Gente idealista e sonhadora me faz rir. Talvez porque veja parte do meu ridículo nelas.

E isso não deixa de ser engraçado.

"...and I know how I feel..."

sexta-feira, 27 de maio de 2011

Histórias do Bandiolo - Como criança com a tia da peruca


Daquelas muitas reflexões sobre a existência humana perante a natureza, estavam dois amigos caminhando sozinhos no meio da multidão pelas calçadas das esquinas de qualquer lugar, analisando tudo e todos, inclusive um dos muitos cães de rua que caminhavam por ali também.

- Esse cachorro passou por tantas pessoas, olhando-as, e continuou seu rumo indiferente a elas. Quando chegou perto de mim, simplesmente parou.

- O que você acha que isso pode significar?

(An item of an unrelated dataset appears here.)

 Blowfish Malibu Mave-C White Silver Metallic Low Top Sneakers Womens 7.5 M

- Ou eu sou muito feio ou ele sentiu-se familiarizado comigo.

- Não acho.

- Não acha o que?

- Que tenha se familiarizado com você.

- Que bom.

- ...

- Peraí, por que você acha que ele não se familiarizou comigo?

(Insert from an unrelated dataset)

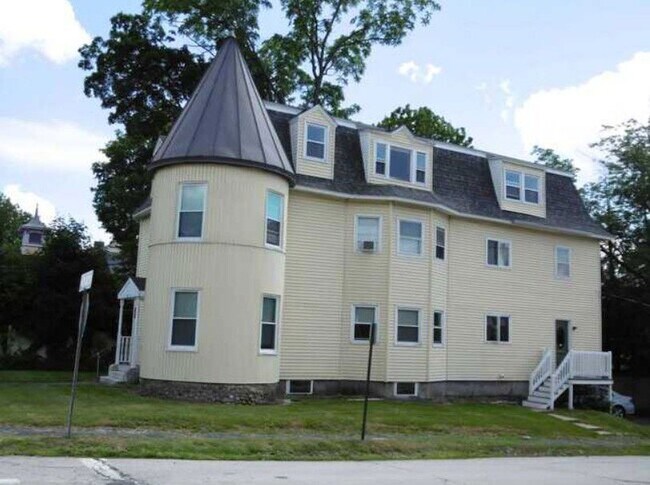 Building Photo - 682 Beech St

- Você é muito mais feio do que ele.

- Obrigado, você é um bom amigo.

*tanto "texto" quanto música não possuem significado. 
Mas apenas a música é boa.

terça-feira, 24 de maio de 2011

Histórias de uma vida não vivida(35)


*Escrevi cinco frases para começar a, muito provavelmente, mais necessária mudança racional dessa história já não tão curta. Dizendo para o espelho treinaria a dicção, mas deixarei isso para outra oportunidade. Assim como o inglês, a música e, quem sabe, projetos maiores e mais significativos. Já não aguento mais pensar que posso resolver, de alguma forma, grande parte do que penso ser problema em algumas histórias pontuais que não são minhas. Assumo qualquer culpa mas primeiro tenho tentado entender o que preciso fazer, dizer e pensar para conseguir ser quem acho que posso ser, em um todo muito grande. No mais, sei onde estão os caminhos e com quem quero estar neles. A saudade é grande feito monstro de fábula e a sensação de que perdi muito tempo reclamando do nada onde tenho vivido me leva a crer que muito mais do que mudança, frases e planos, preciso de atitudes. E tudo começa pela maior verdade de todas, o mais sincero e puro. Por todos aqueles e aquela por quem torna-se, além de idealização, realidade.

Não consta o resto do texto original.